* _What is needed_:
Take the whole listing and reproduce it exactly, pictures excepted.

* _Dataset content_:
------------------------------------------------------------------------

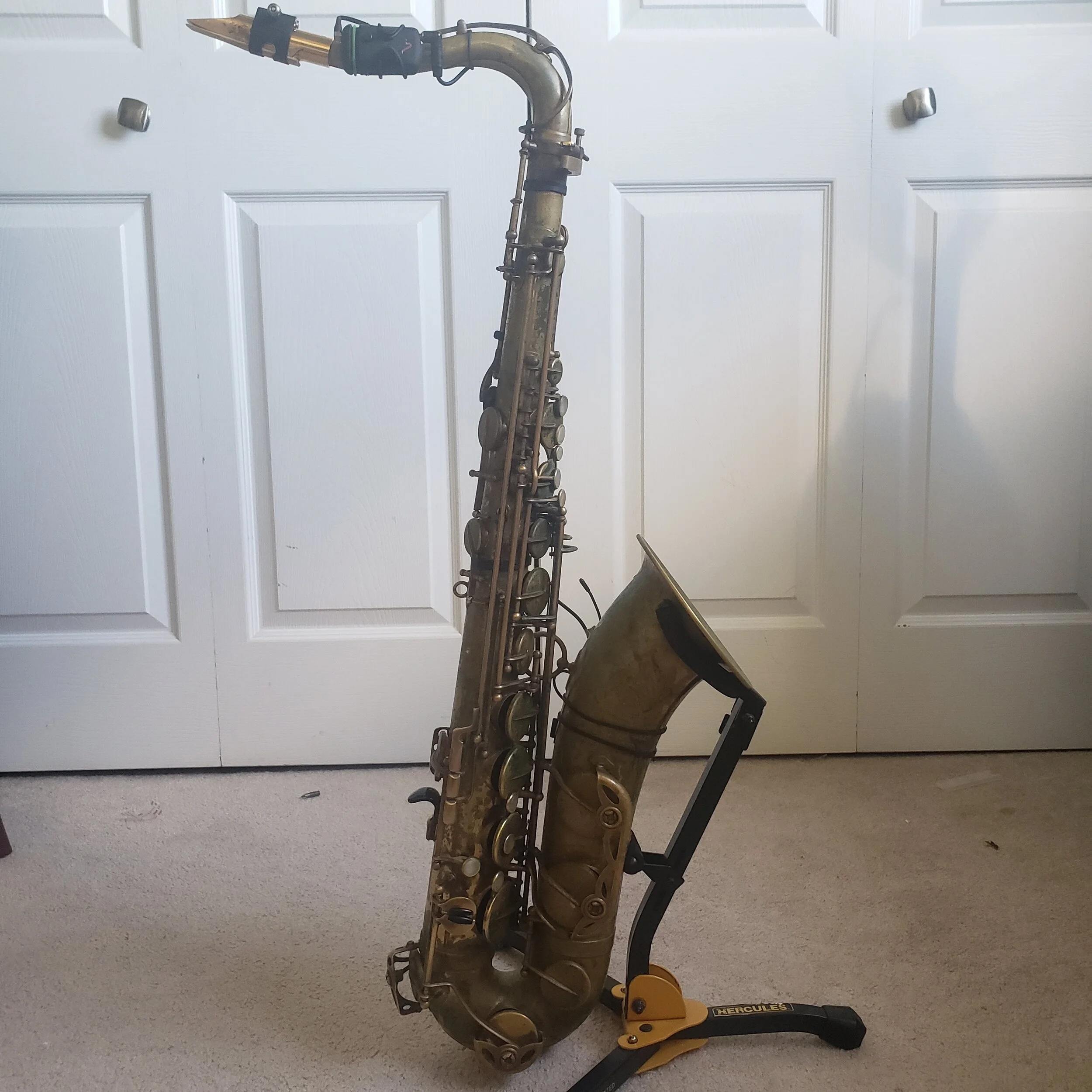 “Almost Hidden” View of saxophone with the intraMic set up.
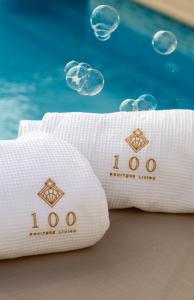 拉巴特100 Boutique Living的游泳池旁的两条毛巾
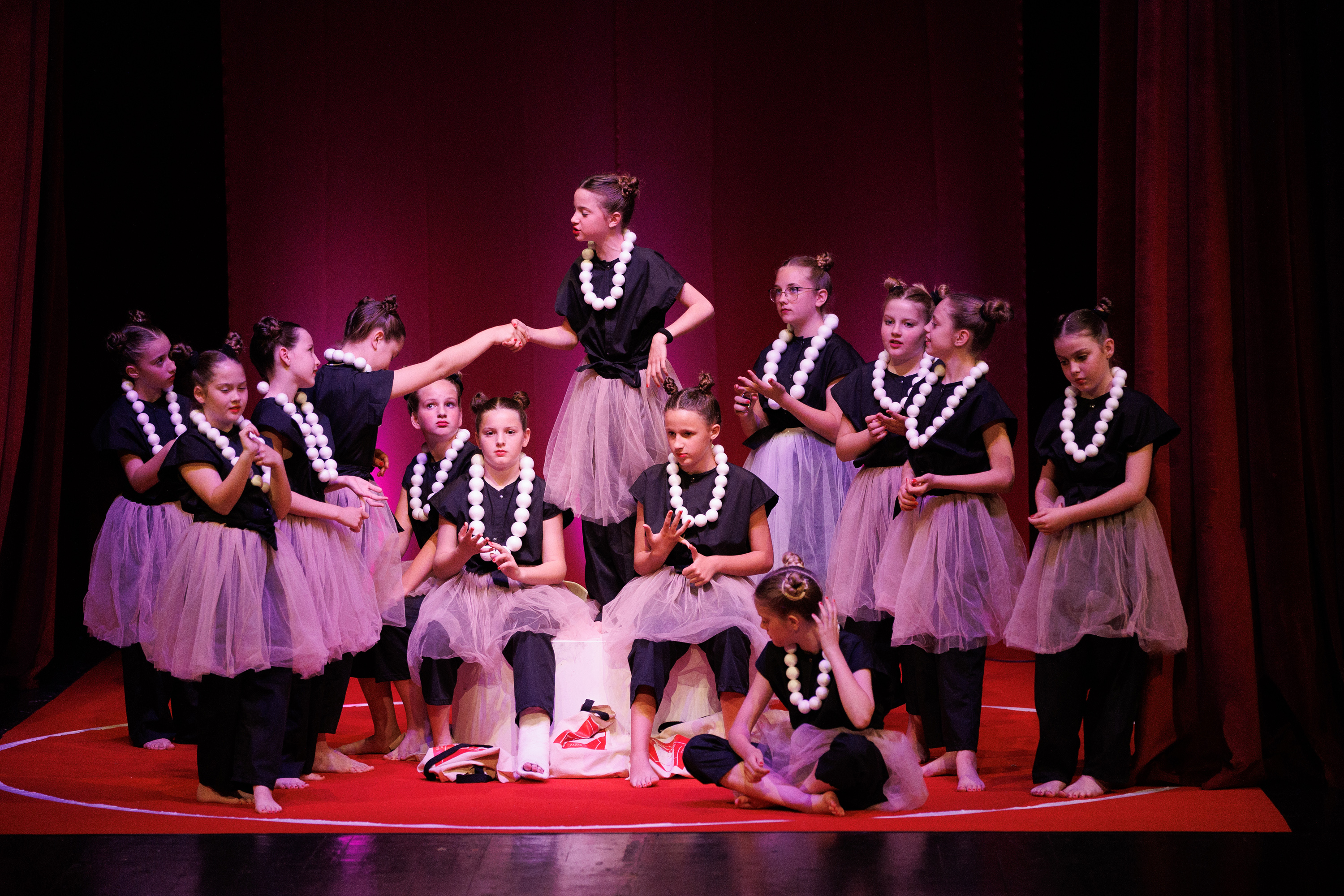 Igrajmo se: Zabranjeno mlađima od 15 strana A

------------------------------------------------------------------------

* _Task output_:
 “Almost Hidden” View of saxophone with the intraMic set up.
 拉巴特100 Boutique Living的游泳池旁的两条毛巾
 Igrajmo se: Zabranjeno mlađima od 15 strana A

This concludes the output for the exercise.